[PROVIDED DATA]
<<<<
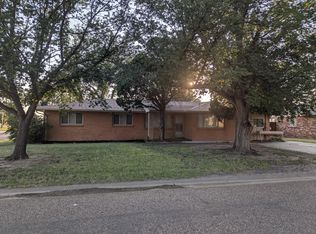 1104 N Calhoun Ave, Liberal, KS 67901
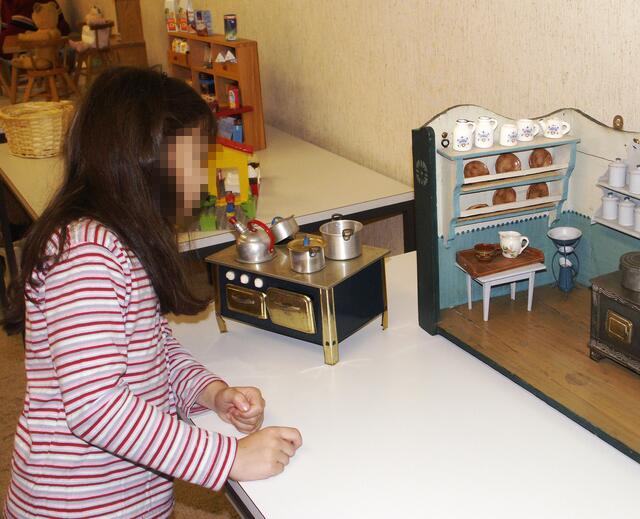 2006 lockte der Basar von St. Bernward auch mit einer Spielzeugausstellung.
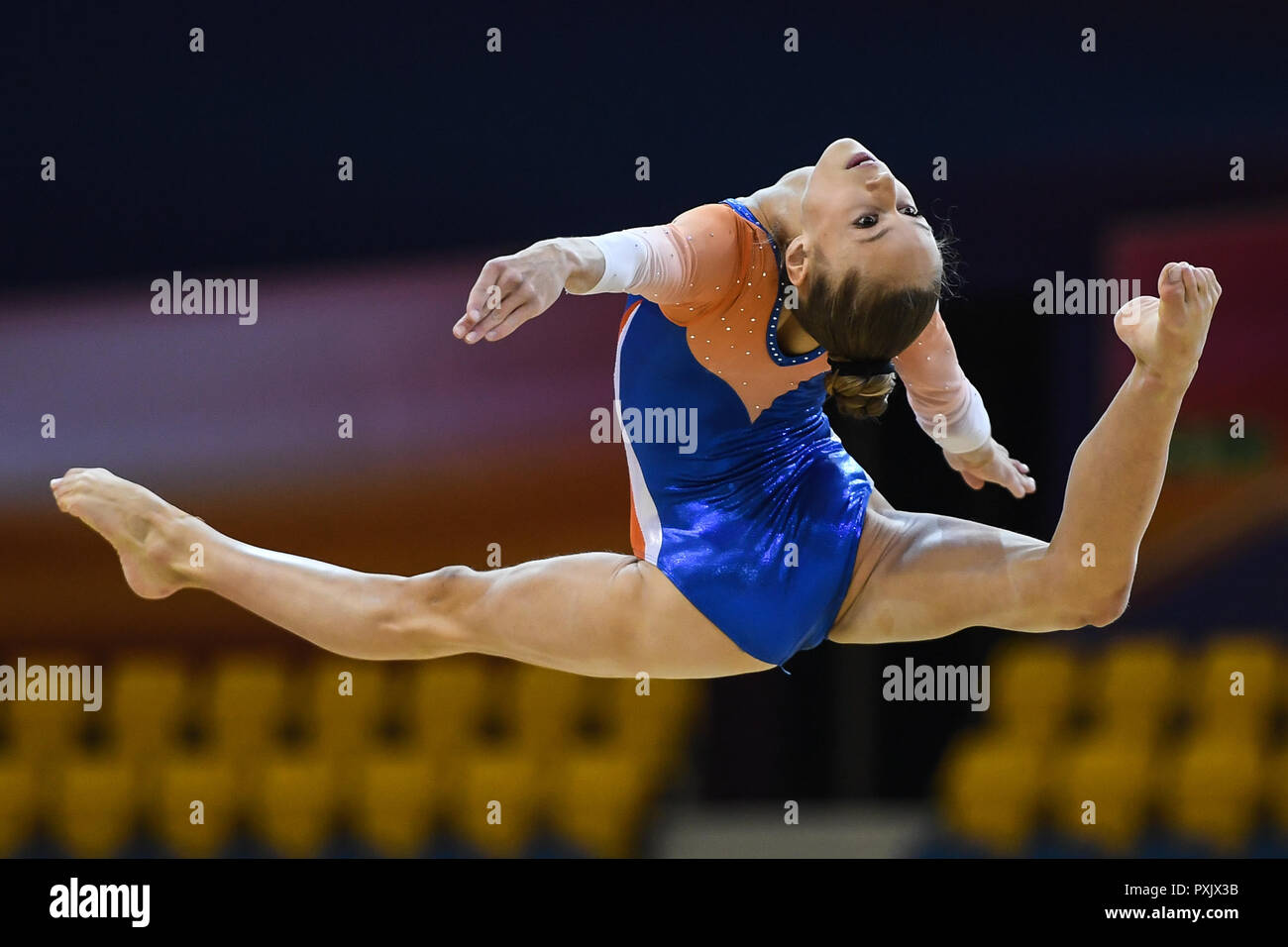 Doha, Katar. 23 Okt, 2018. NAOMI VISSER aus den Niederlanden Praktiken auf dem Boden Übung während des ersten Tages der podium Training vor dem Wettbewerb auf dem Aspire Dome in Doha, Katar. Credit: Amy Sanderson/ZUMA Draht/Alamy leben Nachrichten Stockfoto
>>>>
[WHAT TO PRODUCE]
Everything in the listing, except its images, should be set down exactly.

[YOUR RESPONSE]
 1104 N Calhoun Ave, Liberal, KS 67901
 2006 lockte der Basar von St. Bernward auch mit einer Spielzeugausstellung.
 Doha, Katar. 23 Okt, 2018. NAOMI VISSER aus den Niederlanden Praktiken auf dem Boden Übung während des ersten Tages der podium Training vor dem Wettbewerb auf dem Aspire Dome in Doha, Katar. Credit: Amy Sanderson/ZUMA Draht/Alamy leben Nachrichten Stockfoto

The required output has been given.